At the very root of that tree lies one animal: the “last common ancestor” of all animal life (not to be confused with LUCA, the last universal common ancestor of all life on earth, including plants, animals and all those weird new kingdoms). DNA doesn’t tell us just what type of animal that first creature was, so researchers have created evolutionary models to work backward to figure it out. If we know the characteristics of the first animal to split off from the universal common ancestor, it will tell us a lot about that original creature.

The traditional view is that sponges were the first animals. But since 2008 several models have suggested comb jellies were the first branch to split off the animal tree. In fact, in October, one study used the “molecular clock” technique of DNA analysis to show comb jellies split from the trunk of the tree 88 to 350 million years ago. Another study earlier this year also pointed to comb jellies, though an additional one published around the same time pointed to sponges.

To assess these competing claims, Davis reports that researchers from the University of Bristol used statistical analysis to assess the datasets of the various evolutionary models. What they found is that models that find sponges at the root of the evolutionary tree explain the data much better than the comb jelly models. The research appears in the journal Current Biology.

It’s not totally surprising. The comb jelly hypothesis has its flaws. For instance, if the first animals had guts and nerves, it would mean that for more simple creatures like sponges to evolve, they would have to lose these sophisticated elements to become sedentary filter feeders.
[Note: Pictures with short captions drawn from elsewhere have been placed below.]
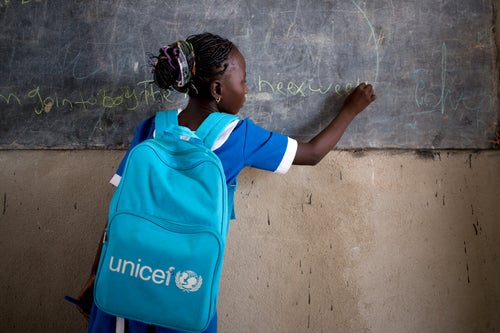 A girl writing on a chalkboard. She is wearing a UNICEF backpack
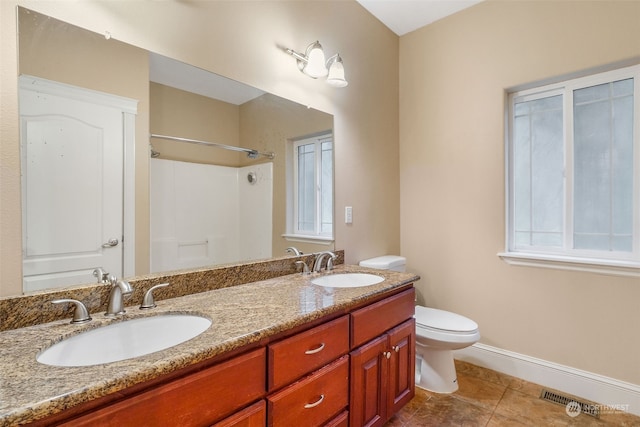 bathroom with tile patterned floors, a shower, vanity, and toilet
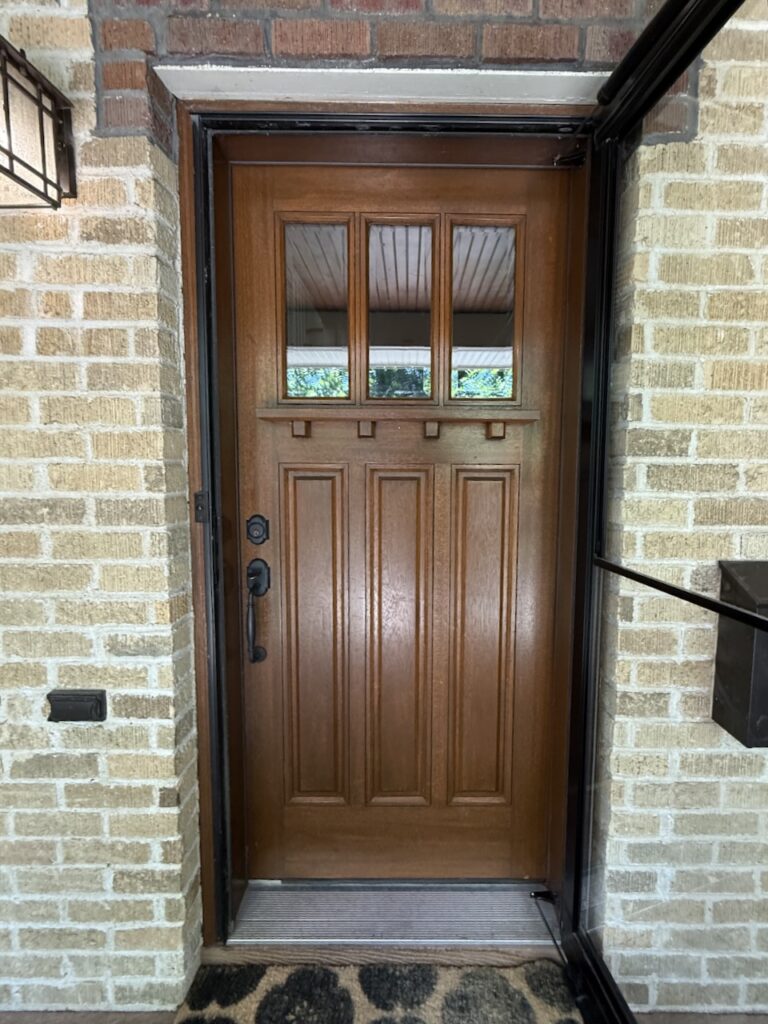 A wooden front door with buff brick surround. 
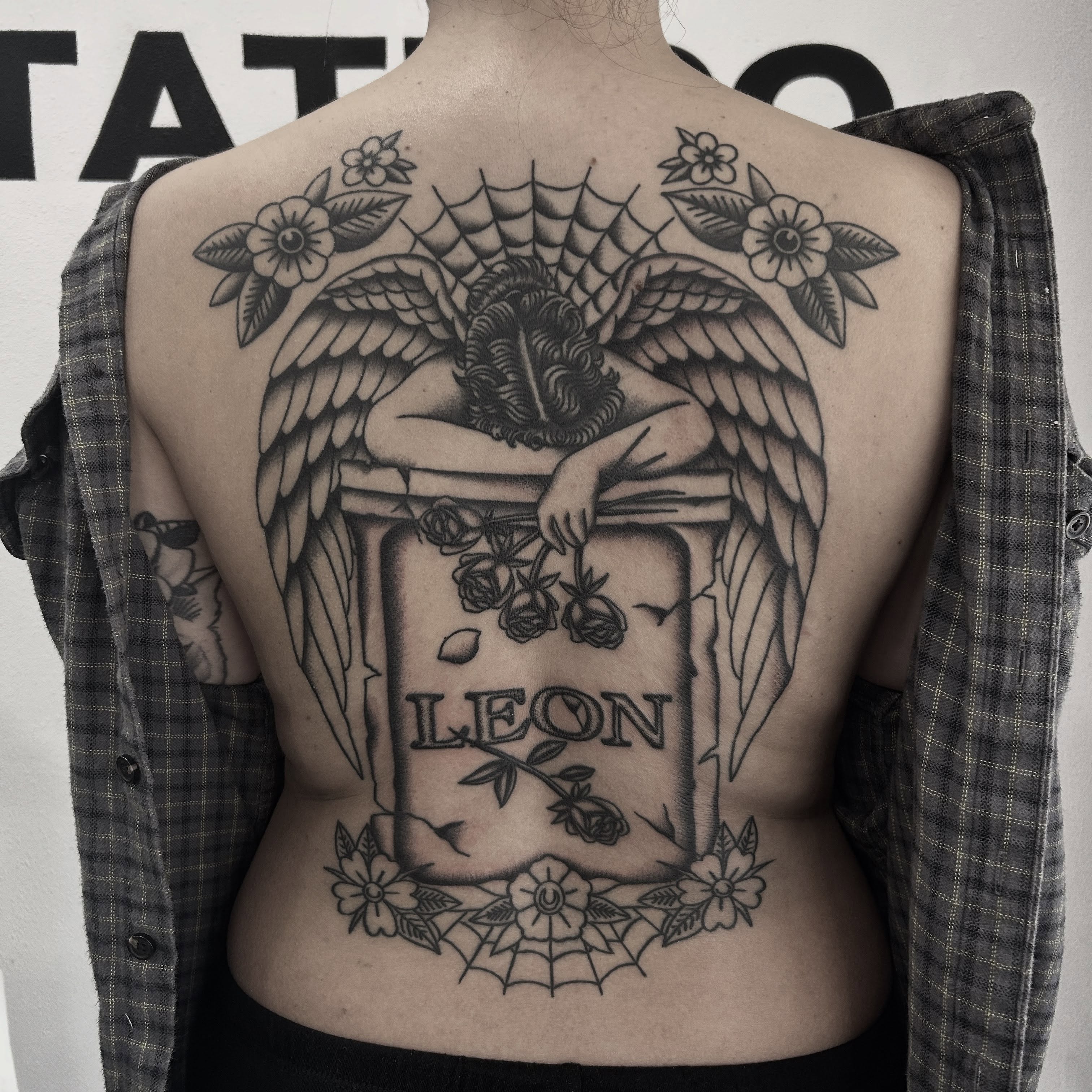 Angel with roses American traditional tattoo on the back by Stephen Sanchez
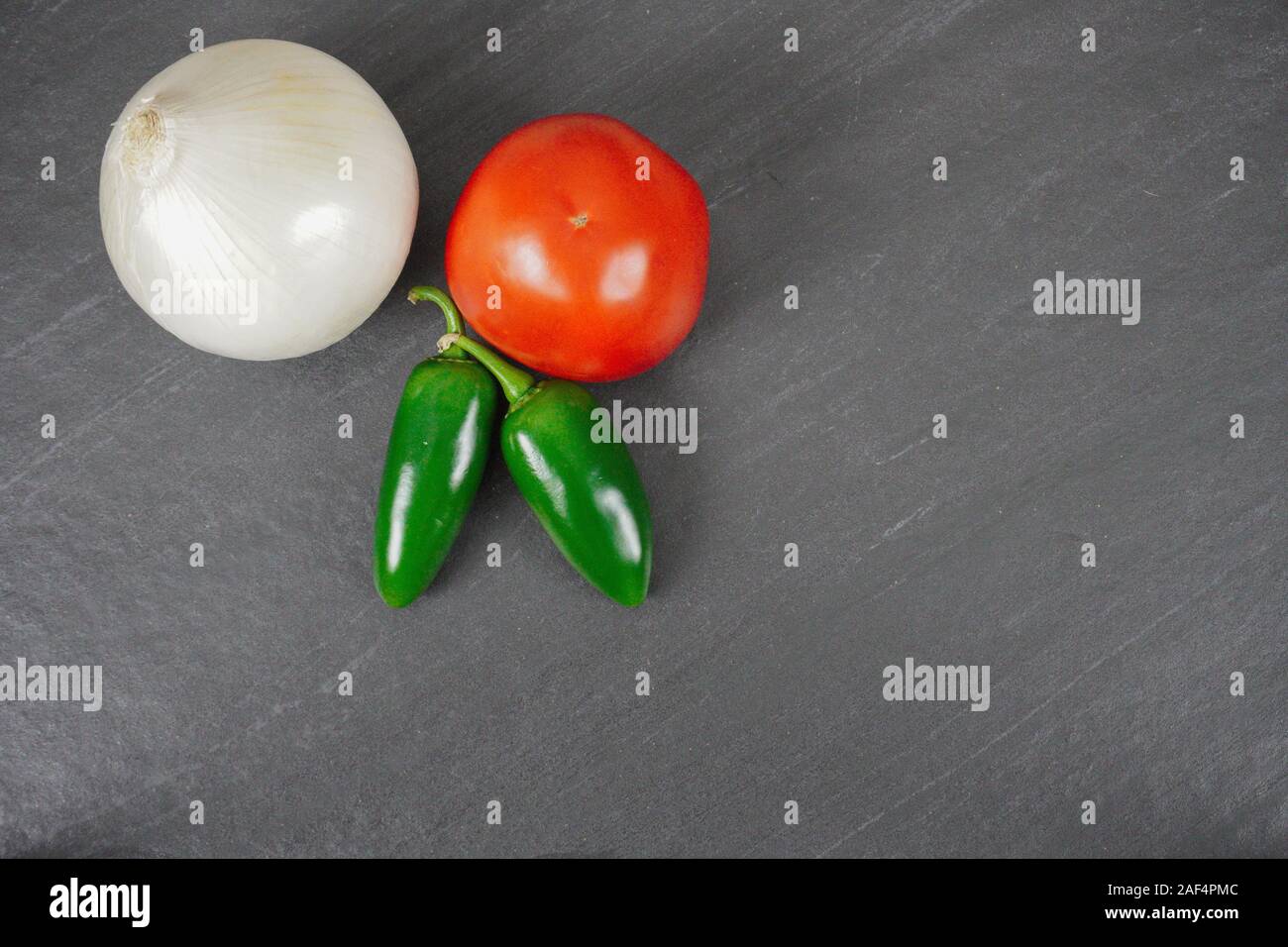 Ingredients for salsa- jalapenos, a tomato and an onion- rest on a gray slate cutting board- food preparation Stock Photo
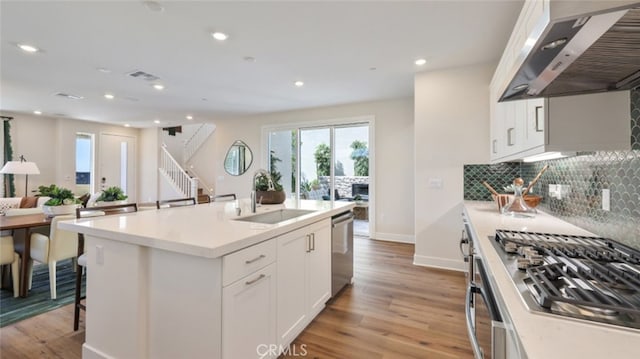 kitchen with under cabinet range hood, a sink, stainless steel dishwasher, light wood finished floors, and tasteful backsplash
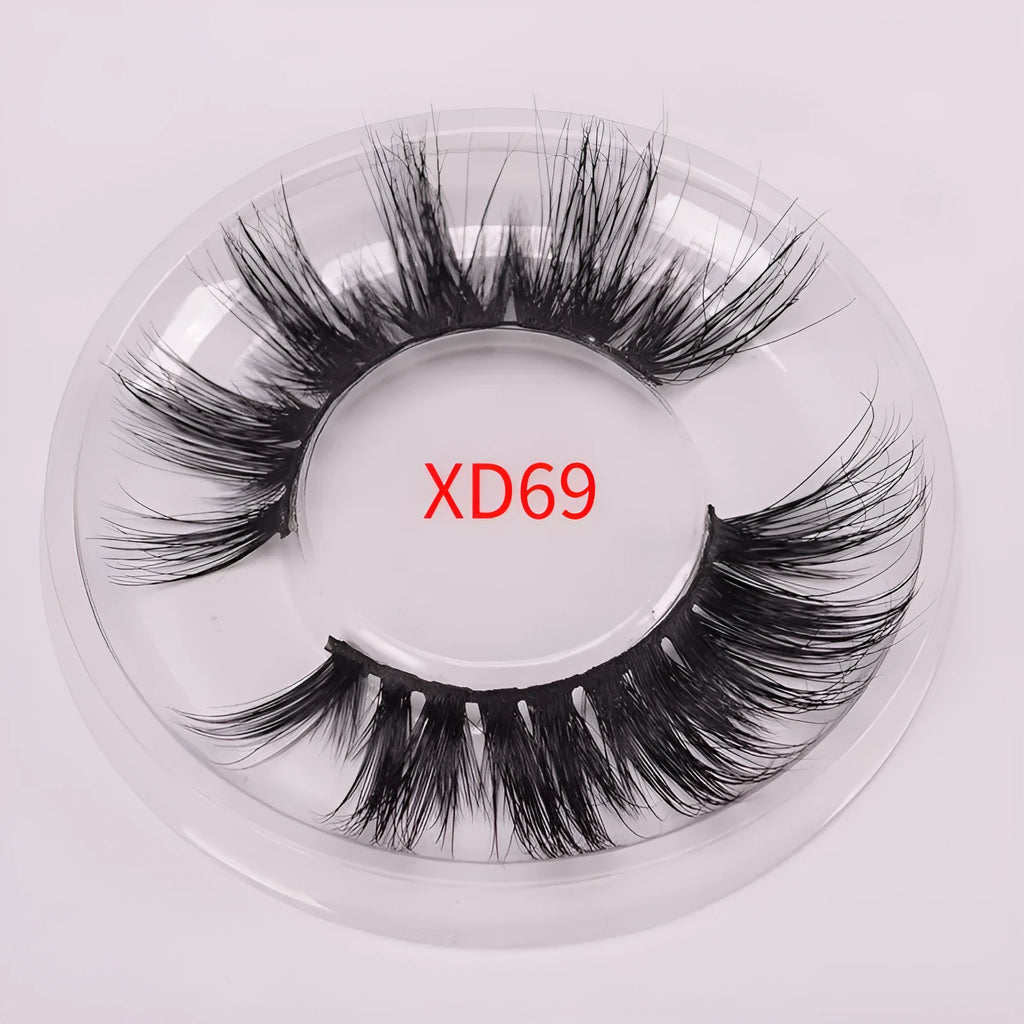 Handmade 5D mink false eyelashes set with storage case and double-headed brush on a clean background.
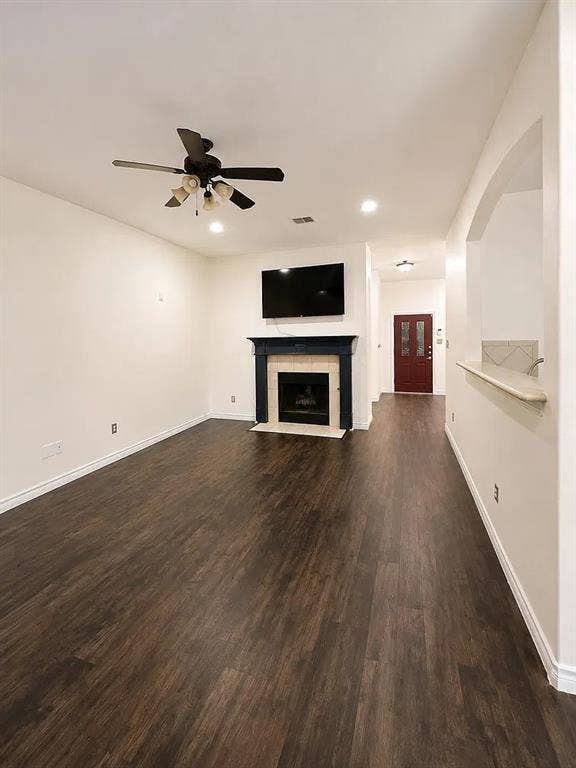 1207 Fox Trail Drive, Allen, TX 75002 Living area featuring wood-finish flooring, a fireplace with a mantel and tile surround, a multi-blade ceiling fan, and a pass-through opening with a ledge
The ancestors of animals are also known to be choanoflagellates, a type of filter-feeding organism lending some weight to the sponge camp.

The debate may seem pedantic, but as co-author Davide Pisani explains in a press release, identifying the first animals has big implications for biology. “The fact is, hypotheses about whether sponges or comb jellies came first suggest entirely different evolutionary histories for key animal organ systems like the nervous and the digestive systems,” he says. “Therefore, knowing the correct branching order at the root of the animal tree is fundamental to understanding our own evolution, and the origin of key features of the animal anatomy.”

Antonis Rokas, researcher from Vanderbilt University who has published studies suggesting comb jellies were at the root of the tree, tells Davis that the debate is not over—but it’s getting close. “With this study, the authors have significantly tipped the balance toward the sponges-sister hypothesis,” he says. “But I will eagerly await to see what are the effects of adding additional genomes from both sponge and ctenophore lineages, as well as models that do not reduce the information provided from the data, before considering the debate solved.”